The Freest Man I Never Knew

The freest man I never Knew. That’s what I called him, this guy I ran into a few years back, when I was on my way to Mexico. I’d been dropped off in the desert in Southern California, at a place called “Four Corners,” where two highways crossed. I was heading east, even though I was headed south at the time. At the end of a ride, I had just gotten my suitcase and guitar out of the trunk, and was walking over to the far right-hand corner of the intersection—the best place to hitch—when I noticed that the spot had already been taken by another hitchhiker. Bad news. It means you have competition. Now it’s going to be much harder in those two or three allotted seconds, for the driver to make up his mind as to whether or not he’s going to pick up one or the other of you. Only the bravest of motorists picks up two adult males. Only one can ride in the front seat, where the driver can keep an eye on you. It looked like a long wait.

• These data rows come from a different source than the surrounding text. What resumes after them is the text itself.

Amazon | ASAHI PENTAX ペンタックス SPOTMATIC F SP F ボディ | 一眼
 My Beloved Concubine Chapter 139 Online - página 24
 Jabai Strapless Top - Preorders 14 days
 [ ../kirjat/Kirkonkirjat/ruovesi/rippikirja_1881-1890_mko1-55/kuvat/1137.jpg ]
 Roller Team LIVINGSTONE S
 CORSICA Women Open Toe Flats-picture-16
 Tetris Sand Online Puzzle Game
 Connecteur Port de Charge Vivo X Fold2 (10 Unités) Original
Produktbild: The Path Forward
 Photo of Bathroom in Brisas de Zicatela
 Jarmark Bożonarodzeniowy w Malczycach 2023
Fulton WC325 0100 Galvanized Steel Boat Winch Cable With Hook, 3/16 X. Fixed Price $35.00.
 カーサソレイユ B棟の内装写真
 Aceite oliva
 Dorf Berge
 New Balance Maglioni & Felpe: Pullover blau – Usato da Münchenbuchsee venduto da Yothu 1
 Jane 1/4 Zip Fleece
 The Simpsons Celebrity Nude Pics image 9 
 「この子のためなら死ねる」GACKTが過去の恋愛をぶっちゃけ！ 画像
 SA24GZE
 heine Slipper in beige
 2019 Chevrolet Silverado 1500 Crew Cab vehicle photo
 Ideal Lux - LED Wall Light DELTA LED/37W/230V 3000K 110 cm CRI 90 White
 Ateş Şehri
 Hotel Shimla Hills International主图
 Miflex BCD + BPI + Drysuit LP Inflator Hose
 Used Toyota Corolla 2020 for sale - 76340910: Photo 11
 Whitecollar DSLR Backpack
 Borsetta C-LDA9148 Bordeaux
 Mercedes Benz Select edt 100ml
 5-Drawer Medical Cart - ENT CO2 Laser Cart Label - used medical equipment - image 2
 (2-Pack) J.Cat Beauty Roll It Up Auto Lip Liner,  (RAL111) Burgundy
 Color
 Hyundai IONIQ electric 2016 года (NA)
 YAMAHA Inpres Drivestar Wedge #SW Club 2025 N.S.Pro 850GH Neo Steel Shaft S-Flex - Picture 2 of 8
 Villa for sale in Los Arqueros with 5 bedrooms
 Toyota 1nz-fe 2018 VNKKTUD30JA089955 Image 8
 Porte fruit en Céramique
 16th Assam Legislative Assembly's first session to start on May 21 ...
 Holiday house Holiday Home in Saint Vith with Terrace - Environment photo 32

Walking over to a man standing just beyond the intersection, with his suitcase standing next to him, I asked him how long he’d been waiting. “Maybe an hour,” he answered. At a minimum you can figure your time more than doubles when you’re not alone. “Where ya’ headed?” I asked. “East.” East was obvious. Otherwise he wouldn’t be standing where he was. I’m heading to New York,” I told him. “Been there,” he replied. We talked for a little, and it seemed like he’d been everywhere. And then we started talking about the weather. The forecast was for “snow in the mountains near Flagstaff,” Arizona, I told him. I’d heard it on the radio in the previous car. “It gets cold in the desert at night,” I ventured, trying to draw him out a little more. He just nodded. “Guess I’ll wander on down the road a piece,” I said, trying to sound like him. “No point both of us standing here.” That’s protocol. “You get first crack,” I said, quoting the unwritten rules of the road. Then I picked up my guitar and suitcase and started walking further down the highway. After standing for a few minutes, second-slot, the man started yelling at me and motioning me back. “Been thinking about what you said. Don’t like snow. Think I’ll be heading south.” And with that, he picked up his suitcase and walked across the intersection to the highway going south, and stuck out his thumb. His destination? He neither knew nor cared, I decided. Here was a man as fluid as the weather. He’d probably end up in Mexico too. He was the freest man I ever knew.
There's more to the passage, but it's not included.